Chapter 8: The Characteristics of Culture

The Concept of Culture:

If you ask 100 anthropologists to define culture, you’ll get 100 different definitions. However, most of these definitions would emphasize roughly the same things: that culture is shared, transmitted through learning and helps shape behavior and beliefs. Culture is of concern to all four subfields and while our earliest ancestors relied more on biological adaptation, culture now shapes humanity to a much larger extent.

Characteristics of Culture

Culture has five basic characteristics: It is learned, shared, based on symbols, integrated, and dynamic. All cultures share these basic features.

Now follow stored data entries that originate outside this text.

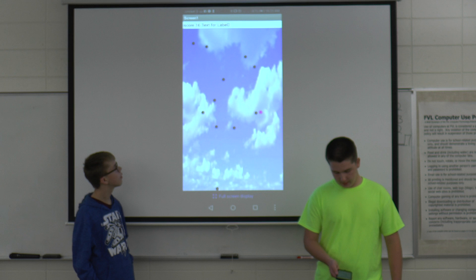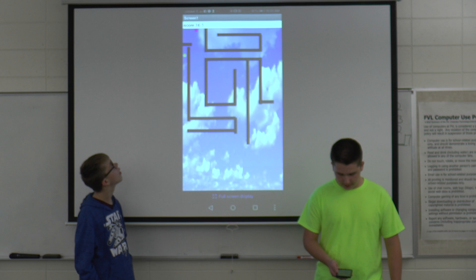Then in level mode, it's more of a maze. You go and just try to find the gold ball to win without hitting any of the walls, or you lose. And that's our app.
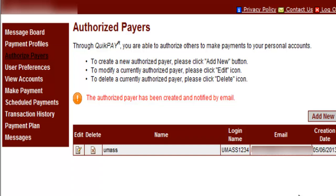There is no limit to how many people the student may choose to authorize on his or her account. Being an authorized payer makes the billing process more efficient for both the student and the payer because they will each have separate login information that can be accessed at any time. We hope that you find the choice to create authorized payers on QuickPay straightforward and worth your time.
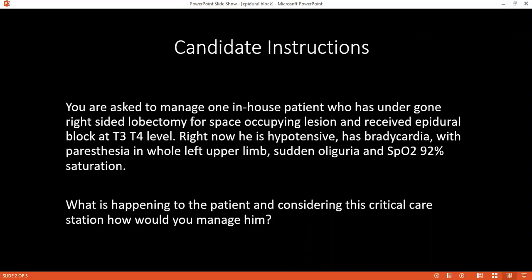How would you differentiate between epidural block complications and distributive shock? Distributive shock causes warm pink peripheries and bradycardia, whereas epidural-induced hypotension presents with tachycardia, hypotension, and cold peripheries.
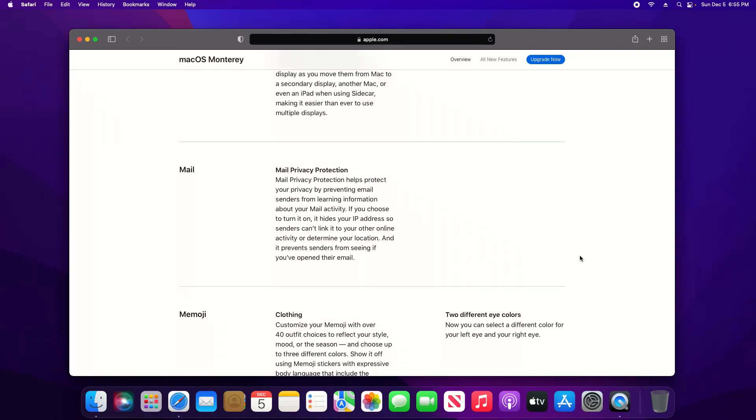Welcome everyone to this video. One of the new features found in macOS Monterey is this new mail privacy protection feature which basically improves your privacy.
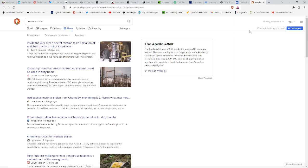Hello, our friends, Evolutionary Energy Arts family. Welcome back, everybody. So guys, we're looking at just some headlines on stolen uranium.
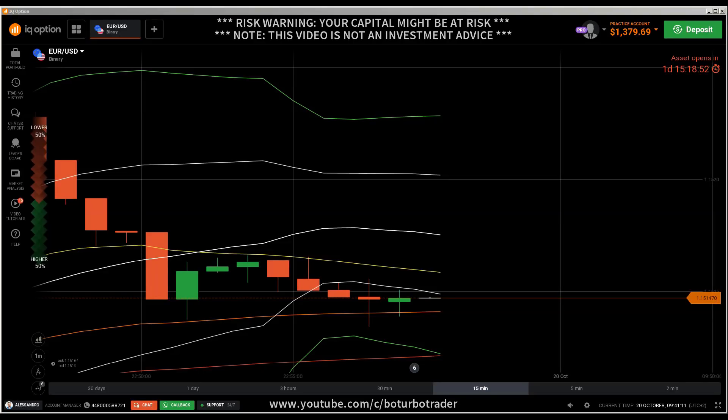Hi traders, this is a new video. First of all, this morning's message: don't trade with money you cannot afford to lose, and this video is not investment advice.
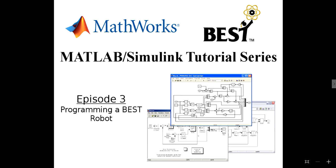Hello everyone, I'm Barkley Hunter, and welcome to part 3 of the MATLAB and Simulink tutorial for Best Robotics. In this episode, we'll be covering all the steps you need to create a fully operational Best Competition robot.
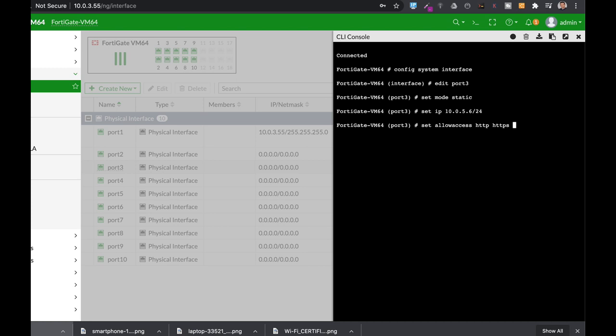But the most used is HTTPS and SSH. SSH to enter your interface through the command line. HTTPS to enter it through the graphical user interface.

Biological adaptation in humans is important but humans have increasingly come to rely upon cultural adaptation. However, not all adaptation is good, and not all cultural practices are adaptive. Some features of a culture may be maladaptive, such as fast food, pollution, nuclear waste and climate change. However, because culture is adaptive and dynamic, once we recognize problems, culture can adapt again, in a more positive way, to find solutions.


The diversity of cultural practices and adaptations to the problems of human existence often lead some to question which practices are the best. Ethnocentrism is when one views their own culture as the best and only proper way to behave and adapt.

Multiple Cultural Worlds

Most individuals are members of multiple cultural worlds. Culture exists at several levels. We typically refer to smaller cultures within a larger culture as subcultures. People have some type of connection to that subculture but must also be able to operate effectively within the larger culture. Some of the diversity we see across subcultures is based on class, race, ethnicity, age, and gender. Social stratification is often the result of our recognition of these worlds as different and a belief that they are somehow inferior to our own or to the larger culture.

Valuing & Sustaining Diversity

Anthropologists recognize the importance of diversity and thus try to help maintain or prevent the extinction of cultures. By describing, documenting and even advocating for cultures they study, anthropologists help to contribute to continued cultural survival and diversity.